During the visit, the teenagers traveled to New York as well as Washington, D.C., where they spent a day at Sidwell Friends School. Through Seeds of Peace, the youngsters spend two weeks together at Camp Androscoggin in Maine—bunking and eating together with those they used to consider their enemies.
Although the young people live in neighboring districts and countries in the Middle East, they travel thousands of miles to the United States to meet on neutral turf. They spend the days in this country participating in traditional camp activities—like swimming, basketball and softball. In the evening, they break into groups of 12 for “coexistence sessions” in which politics and conflict resolution are discussed.
The program started in the summer of 1993, and the simple message was to bring together 130 to 150 people whose societies had taught them to hate each other.
“We tell them they have two and a half weeks to prove to their governments that they’re wrong. They can make peace,” said John Wallach, founder of the program.
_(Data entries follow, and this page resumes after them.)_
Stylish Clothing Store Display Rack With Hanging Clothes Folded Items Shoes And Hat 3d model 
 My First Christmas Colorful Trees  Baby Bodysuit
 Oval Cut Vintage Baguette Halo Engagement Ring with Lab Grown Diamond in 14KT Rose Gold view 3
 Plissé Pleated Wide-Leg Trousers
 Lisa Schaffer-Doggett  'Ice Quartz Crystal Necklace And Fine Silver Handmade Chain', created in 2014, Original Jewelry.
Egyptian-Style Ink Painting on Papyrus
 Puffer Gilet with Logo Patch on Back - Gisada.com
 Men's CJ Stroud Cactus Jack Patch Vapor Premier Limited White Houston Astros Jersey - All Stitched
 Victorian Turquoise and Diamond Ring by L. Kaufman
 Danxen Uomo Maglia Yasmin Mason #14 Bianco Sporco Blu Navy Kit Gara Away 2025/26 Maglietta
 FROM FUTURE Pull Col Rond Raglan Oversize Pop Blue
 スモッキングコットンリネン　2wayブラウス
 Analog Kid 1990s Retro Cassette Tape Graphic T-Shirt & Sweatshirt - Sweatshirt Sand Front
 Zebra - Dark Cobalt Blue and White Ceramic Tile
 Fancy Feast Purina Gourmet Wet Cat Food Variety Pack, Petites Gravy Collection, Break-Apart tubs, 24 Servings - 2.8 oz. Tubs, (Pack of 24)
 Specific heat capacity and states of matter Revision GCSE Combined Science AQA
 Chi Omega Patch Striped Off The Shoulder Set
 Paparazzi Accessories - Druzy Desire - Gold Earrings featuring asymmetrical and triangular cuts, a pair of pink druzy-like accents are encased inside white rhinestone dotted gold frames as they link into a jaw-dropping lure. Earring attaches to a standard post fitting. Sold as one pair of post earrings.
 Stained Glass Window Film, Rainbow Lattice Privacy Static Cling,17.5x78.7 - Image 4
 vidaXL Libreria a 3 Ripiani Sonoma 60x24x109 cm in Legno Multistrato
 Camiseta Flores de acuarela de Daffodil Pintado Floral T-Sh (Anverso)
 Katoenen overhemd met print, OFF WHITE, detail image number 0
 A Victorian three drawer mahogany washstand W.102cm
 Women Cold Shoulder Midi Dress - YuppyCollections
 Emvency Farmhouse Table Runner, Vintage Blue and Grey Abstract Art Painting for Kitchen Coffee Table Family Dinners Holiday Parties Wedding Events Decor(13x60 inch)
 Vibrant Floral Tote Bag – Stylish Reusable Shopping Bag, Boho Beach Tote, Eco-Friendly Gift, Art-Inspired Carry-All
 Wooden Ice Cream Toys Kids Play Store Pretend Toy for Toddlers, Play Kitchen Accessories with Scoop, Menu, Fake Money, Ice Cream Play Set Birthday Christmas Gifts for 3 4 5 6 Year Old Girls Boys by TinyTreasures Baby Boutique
Former foreign editor of the Hearst Newspapers, Wallach left a 30-year career in journalism to start Seeds of Peace.
“We only have one aim, and that is to form lifelong friendships so that when these children go home, they can break through everything the terrorists and the extremists have done to prevent peace,” Wallach said. Youngsters from much of the Middle East—Israelis, Palestinians, Jordanians, Egyptians and Moroccans—participate in the program, and plans are being made to include representatives from Persian Gulf States this summer.
Program leaders hope to be able to keep expanding the program to more countries and participants, claiming that successes in the program seems to be a harbinger of what happens in real-world politics. For instance, after the summer in which the Jordanians first participated in the program, their country formed a peace agreement with Israel.
“A stellar year would be when Syria and Lebanon come on board,” said Seeds of Peace Vice-President Bobbie Gottschalk.
While the teens leave the experience as friends, they often spend the first few days together full of resentment toward those on “the other side. Everybody wants to be seen as a victim,” Wallach explained. About 10 percent of the kids have lost a brother or a father to the other side, and through this program they’re often meeting people from the other side for the first time.”
At the Silver Spring gathering, the teens expressed views about peace and their experiences in Seeds of Peace. The event took place at the house of Alan and Amy Meltzer, whose 16-year-old twin daughters, Elizabeth and Jennifer, will participate this summer in the program as part of a handful of American teens who serve as neutral moderators.
Mohammed, a Palestinian teen, admitted that before Seeds of Peace, he felt that the “Israelis are the enemies. I thought I’d go there and I’d tell them they committed something wrong, and because of that the Palestinians are suffering … But what I found out is that they have suffering also.”
For 16-year-old Inas Moussa, the program has provided an understanding of Israeli concerns. “As a Palestinian, I never knew what the Israelis were. I never knew the people, the culture, and the belief. I had no idea that Israelis my age want to do the same thing as me,” she said.
“I realized that they are just the same. They have been through the same fear, just maybe under different circumstances.” But she concedes that at times it is still confusing to love those she’s been taught to hate. “My father’s cousin was killed by an Israeli soldier. Sometimes its hard to put all those things together.” Moussa wonders if the Israelis are indeed still her enemy, but says her new feelings of peace and friendship are usually able to “destroy the old feelings.”
Of course, she says, not all Palestinians agree with her. “I can’t deny there are a few people who tried to tell me that what I did was wrong.
“They ask ‘How can you forget your past?’ I say that while no one can ever forget his fast, I don’t want to live in it and continue it.”
Indeed, the most difficult part of making peace, say several participants, takes place after the program ends when they return to a land still roiled by conflict and hatred. “It was really hard, especially after the bombings,” said 14-year-old Lital Cohen, referring to the February and March suicide bombings in Israel.
“Some people who were right wing said it’s my fault because I believed them [the Palestinians]. There’s a boy in my class who doesn’t believe in the peace process. He started to blame me because I have Palestinian friends,” Cohen remarked.
“I say that I still believe in the peace process and that what my Palestinian friends say is right. [Many Israelis] don’t know Palestinians, and it’s hard to trust someone you don’t know.
I wasn’t sure if I could trust them before,” she said, “but now they’re my best friends.”